Partial Common Ownership
Description
"A better approach is to find a way to balance the demands of investment efficiency and allocative efficiency. We will call this approach “partial common ownership”—a halfway house between common ownership and traditional private property. Partial common ownership optimizes allocative efficiency and investment efficiency within a single property regime, as the common ownership can deter monopoly power while the private ownership encourages investment."
(http://assets.press.princeton.edu/chapters/s11222.pdf)
Discussion
Matt Prewitt and Jack Henderson:
"Most other calls to rethink capitalism recognize as we do that important sources of value and productivity are “upstream” and non-marketized factors like physical and social infrastructure, invisible work within families and communities, etc.—which are much more distributed and networked than the wildly distorted and inequitable outcomes in capitalism lead us to believe.
But they do not question conventional ownership itself. Instead, they usually seek to either divide and fractionalize ownership (i.e., give more or different people a share of conventional ownership); or consolidate ownership (i.e., place it in the hands of some representative of the public, like the state). Both of these approaches often do good, but they are only band-aids.

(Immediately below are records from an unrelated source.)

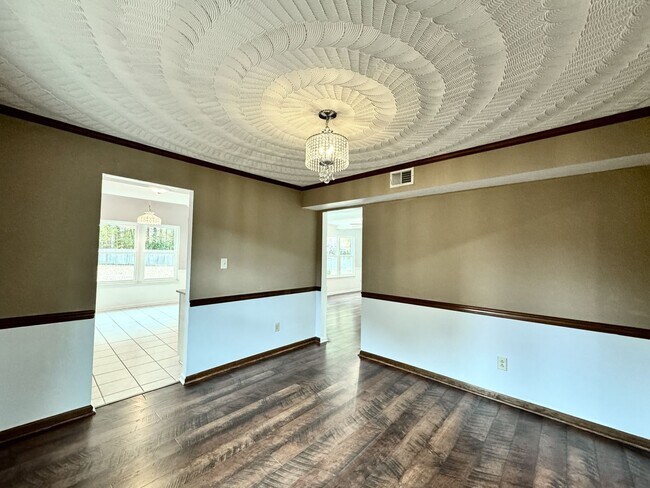 Building Photo - Ready NOW! A 4/2.5 in Glenwood! A Pet Frie...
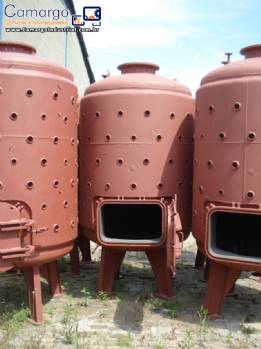 5 Tanques cilindricos verticais em a�o carbono 4000 L cada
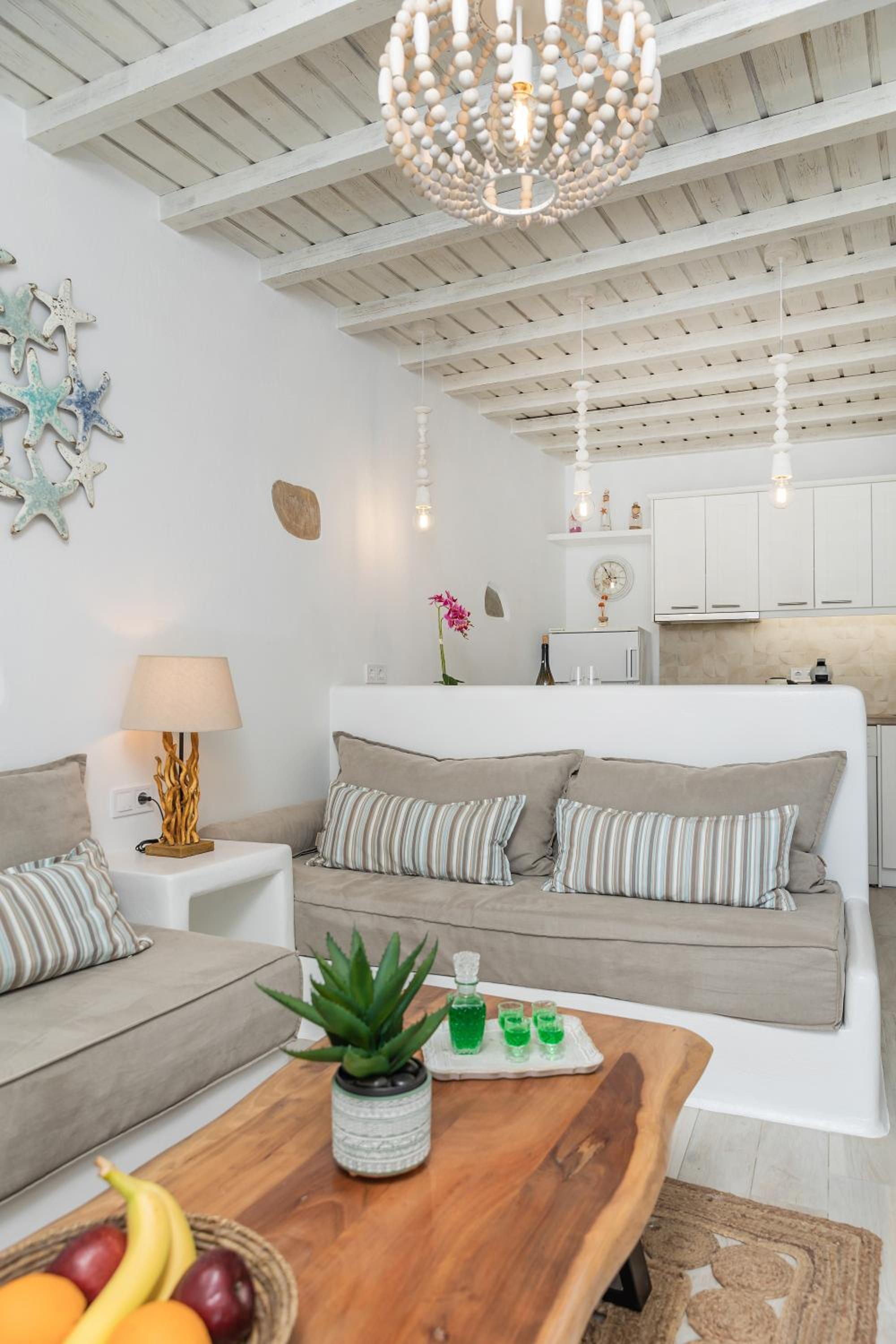 En Lefko Boutique House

Fractionalizing ownership just “spreads around” the same old extractive incentives of conventional ownership, while consolidating ownership “puts all the eggs in one basket,” intensifying the risks of institutional capture and illegitimate representation.
PCO takes a different path. It is based on the idea that temporary use licenses, subject to community governance and what we call “self-assessed” fees, are both a fairer and more efficient way of distributing power than conventional ownership. This matters, because the most compelling justifications for conventional ownership rest on the supposition that it incentivizes owners to invest in the things they own. PCO speaks not only to social justice and environmental concerns, but also to the same efficiency concerns that are usually cited to support the status quo."
(https://www.radicalxchange.org/media/blog/pco-a-new-model-of-ownership/)
More information
- More at [1], pp. 52+
* Article: PCO: A NEW MODEL OF OWNERSHIP. Matt Prewitt, Jack Henderson. February 20, 2024
URL = https://www.radicalxchange.org/media/blog/pco-a-new-model-of-ownership/
"In this piece, we step back and describe a broad vision for how PCO could help weave a fairer and better-governed society. We’ll begin by comparing conventional ownership and universal forms of communication, discussing how both oppress complex networks as much as they may connect them. We’ll then describe why PCO offers a gentler, less “noisy”, and more “layered” alternative to conventional ownership. We’ll conclude with a few words about how super-powerful AIs might make PCO more workable; and conversely, PCO might make a world of powerful AIs more just and livable."